I know that you’ve seen all the hype around AI and Machine Learning. It’s probably warranted. AI is in the process of making huge changes in how we work and live.

Recently, though, I saw a good reminder of how much that machine learning is still dependent on the proper inputs, and of course, that means someone giving the machine the proper data.

You may have seen a recent Washington Post story about Family Tree Now, a website that seems to crawl various public databases and grab all sorts of information about people, when they were born, where they lived, etc. Yeah, it’s creepy to think about all of that information being collected up for the world to look at, and the Post article focuses on letting us know how to “opt-out” of that site.

Naturally, my wife and I decided to look ourselves up and see what the site knew about us, and clearly it had access to a lot of public records, it had a variety of address records going back years.

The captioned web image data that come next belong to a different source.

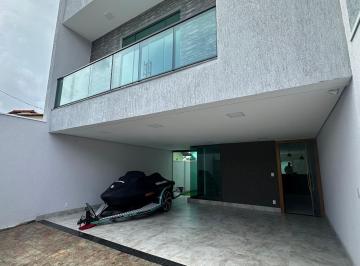Casa · 180m² · 3 Quartos · 2 Vagas · Casa Alto Padrão com 03 Quartos sendo 01 Suíte à Venda em Betim no bairro Espírito Santo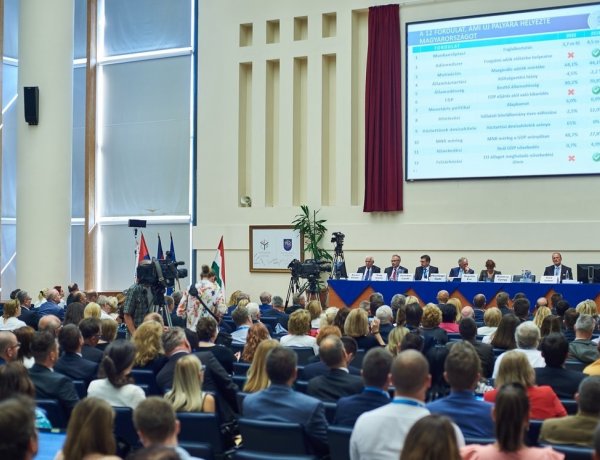 57. Közgazdász-vándorgyűlés – A legrangosabb közgazdászok randevúznak Nyíregyházán!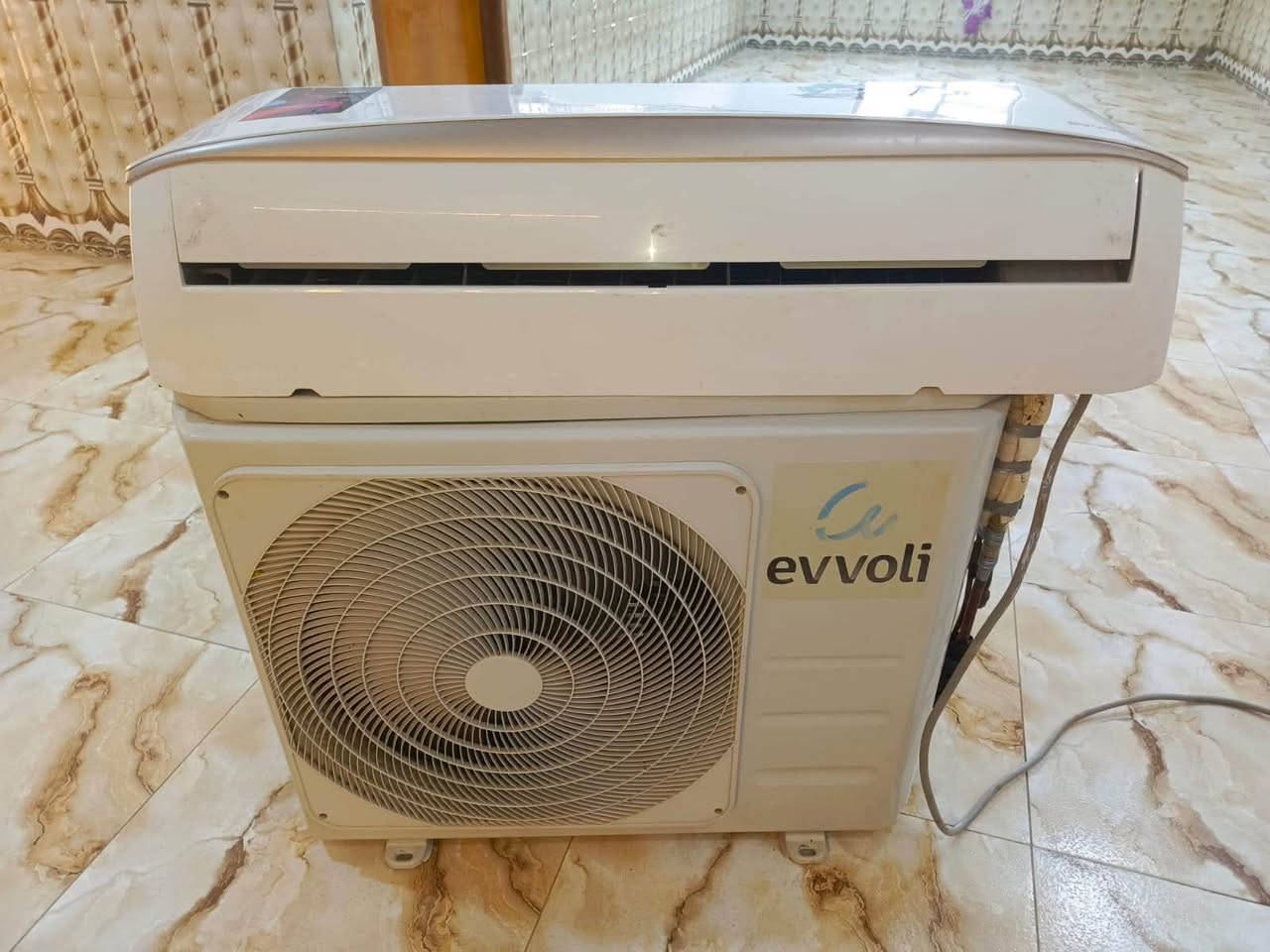 السلام عليكم سبلت ايفولي طن ونص بروده ثلج غاز 410 نقي مديورله غاز شغل مضبوط سعره 350 عنواني. كرمه علي للأستفسار ***********
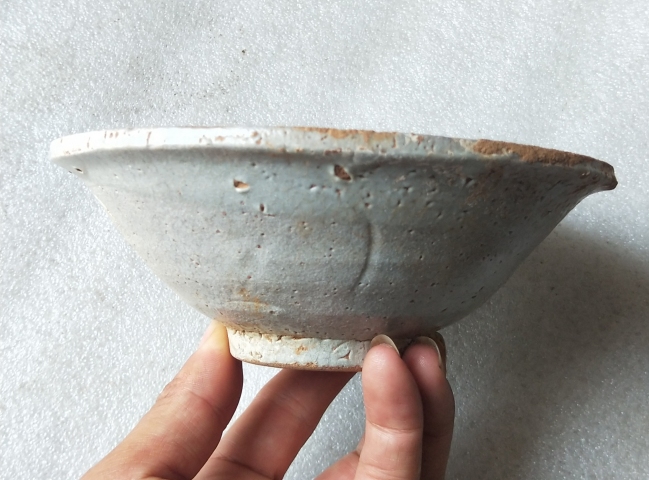 古玩陶瓷宋末元初外蓮瓣紋影清碗拍賣，當(dāng)前價(jià)格198元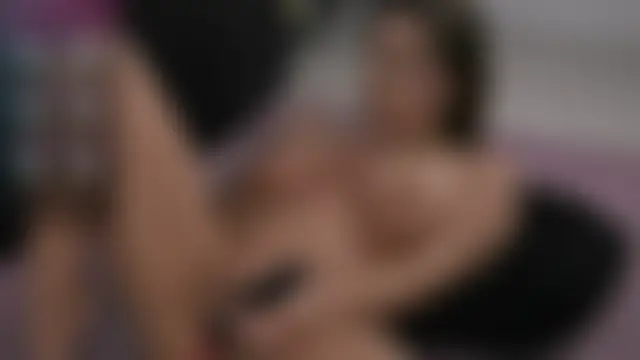 DeborahLoweのライブチャットルーム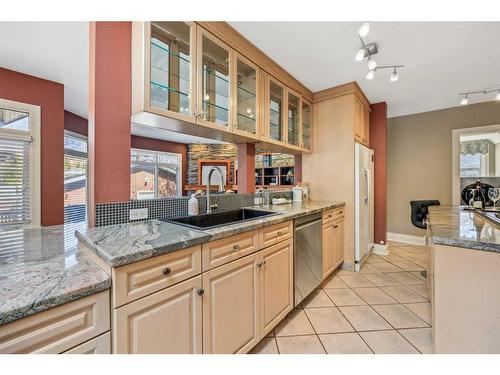 210 8 Avenue Nw, Calgary, AB - Indoor Photo Showing Kitchen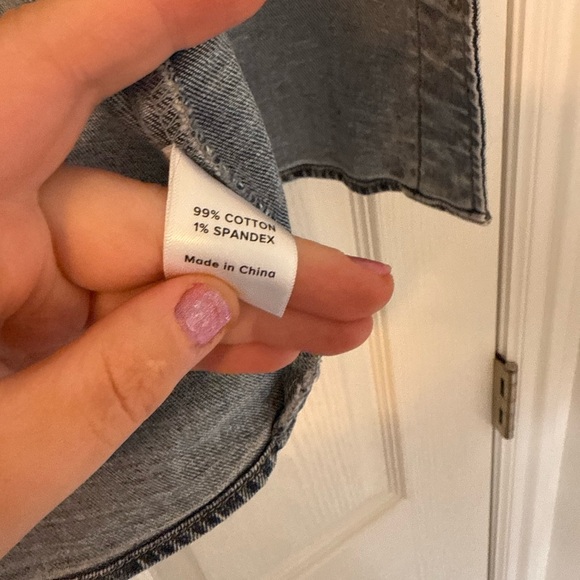 NWT EverEve Rachel denim Short Sleeve Shirt Size S - Picture 4 of 4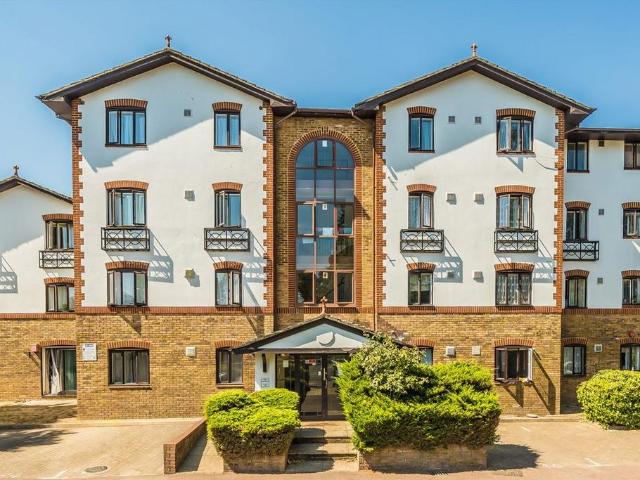Apartment for rent in Lampton, Greater London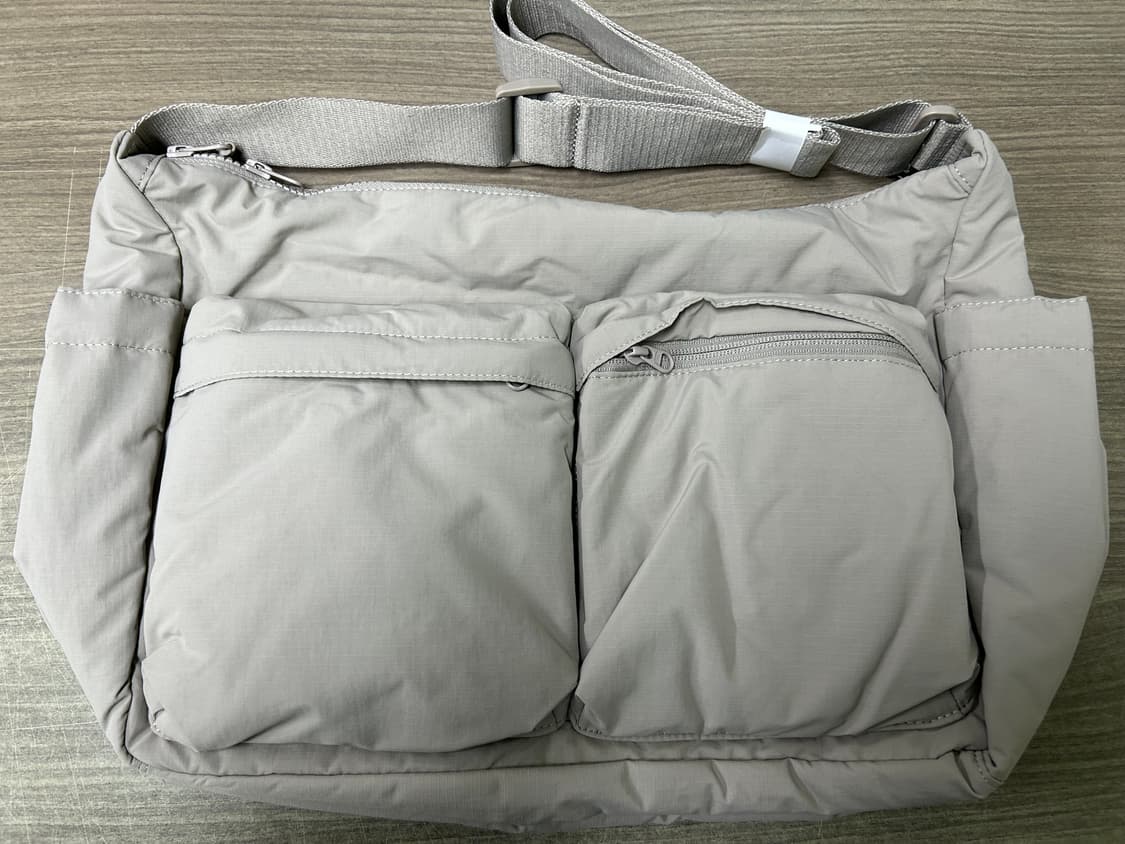 유니클로 멀티 퍼켓 숄더백 베이지 상품이미지1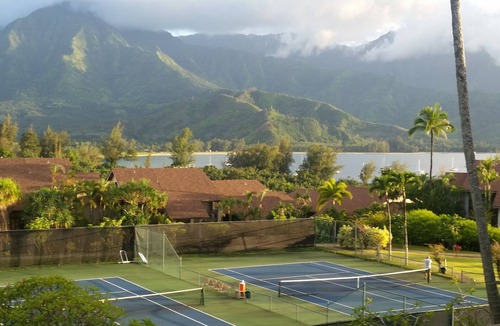 Princeville Apartment | HanaleiBayRESORT2312, 215.00 8/16-18 or269.00 8/22-26BlowOutSalBeachFront 10Star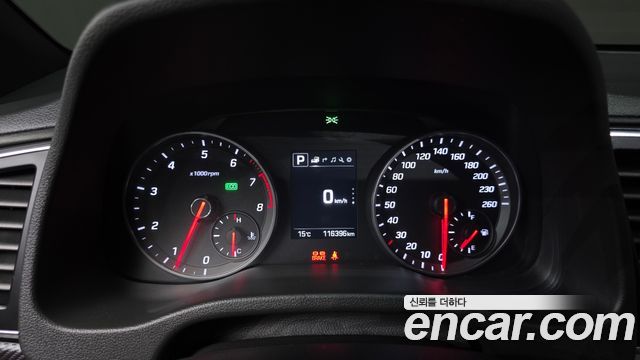 Hyundai AVANTE 2018 — photo 11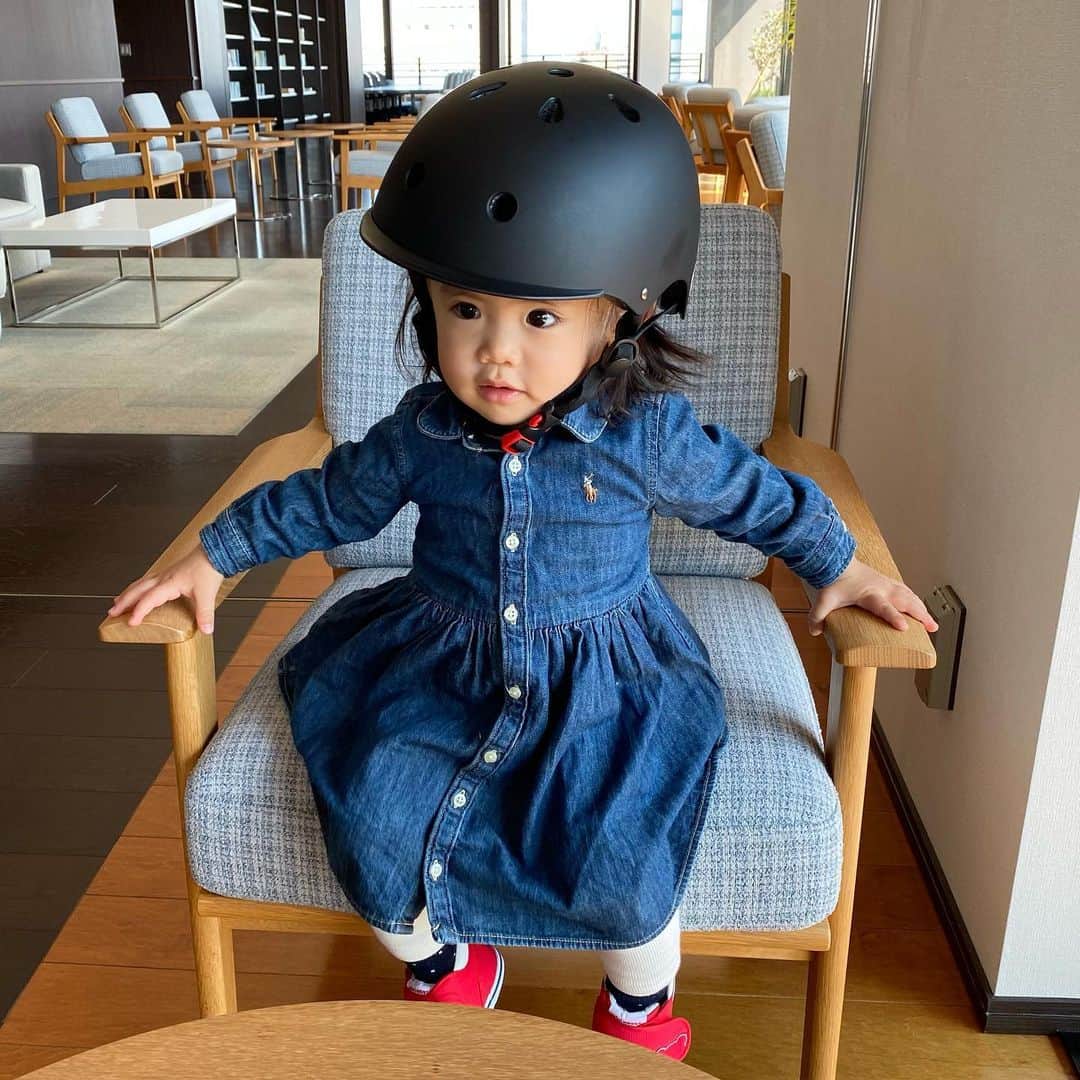 姫野れみさんのインスタグラム写真 - (姫野れみInstagram)「@mag_ride.jp 様の 2歳から7歳の幼児用ヘルメット / マットブラック🖤  "日本で一番軽い幼児用ヘルメット" SGマーク認証済みの安心構造です！  最近小さい子が事故にあうニュースを目にするので 三輪車を乗るようになった娘への安全面を考えて😌  初めてのヘルメットで嫌がるかなと思ったけど 340gという軽量なのとヘルメットの中で 頭のサイズに合わせて調節できるので 首への負担や重くて頭がぐらぐらすることもなく 逆に気に入って被ってくれています✨  楽天やYahooなどの通販サイトで販売されていて 1歳から3歳は186gでもっと軽量だったり 他にも可愛いカラーがたくさんあるので ぜひチェックしてみて下さい🤍  @186_mag_ride.jp #magride #マグライド #キッズヘルメット #スケートヘルメット #マグクルーズ #子供用ヘルメット #イチハチロク #pr」2月23日 11時45分 - remi___08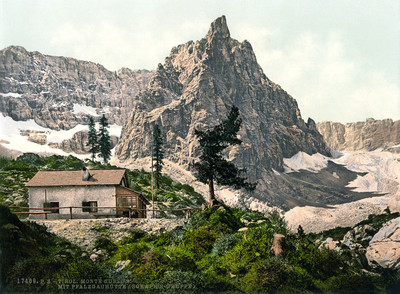 Refuge Vandelli, Monte Zurlon, en 1900, par Photoglob N°0000017409 Refuge Vandelli, Monte Zurlon, en 1900, par Photoglob N°0000017409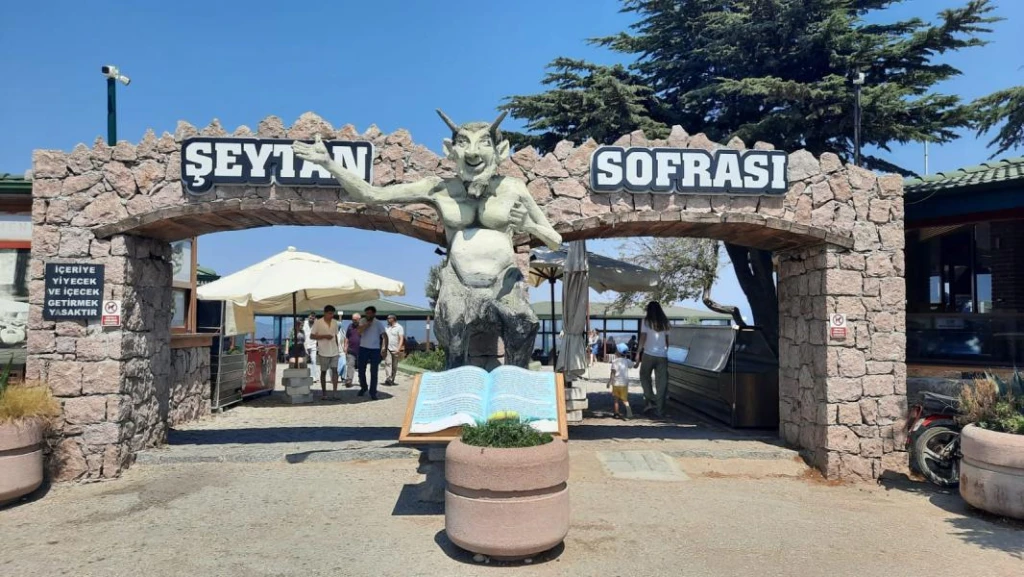 İzmir Turu | Efes - Şirince - Kuş Adası - Cunda - Ayvalık - Meryem Ana | 1 Gece Otel Konaklamalı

Creepy? Sure. The site also had a list of possible relatives and associates, and that’s where someone seems to have made some poor choices when it came to inputs.

The first thing she noticed about her information was that the first possible relative listed, was my first wife. As you might imagine, she was not thrilled, or impressed with the AI. Clearly, Family Tree Now missed some public records, like my divorce! For myself, yeah my first wife was listed as a possible relative, as were her parents and siblings. Again, they missed a record, but fair enough. I also noticed a long list of potential associates, people who I had no connection to at all. Upon further inspection, I realized that much of that list seemed to be made up of people who lived at one of my former addresses, well after I had left. I’m not sure who decided that made for a potential associate.

In short, the technology to crawl through public records seems pretty decent, but maybe incomplete. The learning about what makes for a connection seems pretty illogical. But that all goes back to the programmers. The AI, I assume, was programmed to crawl, but someone didn’t include some records that would have made it clear that some family relationships had been annulled. It also used an overly simply logic to match up dates without looking at the end dates of residences. The machine knew that I lived somewhere in 1996-1997, and it knew I had a different address after that, it said so, but it was still looking at people from the same address 10 years later and assuming a connection. That’s a logical fallacy. The machine didn’t do that. 😉

Why is this important? Because whether you’re talking about Big Data analytics for business and marketing, or TAR in the eDiscovery industry, if the inputs and algorithms aren’t correct, you may end up with the wrong results. Don’t just assume the machine knows, make sure it’s measuring what you think it should be.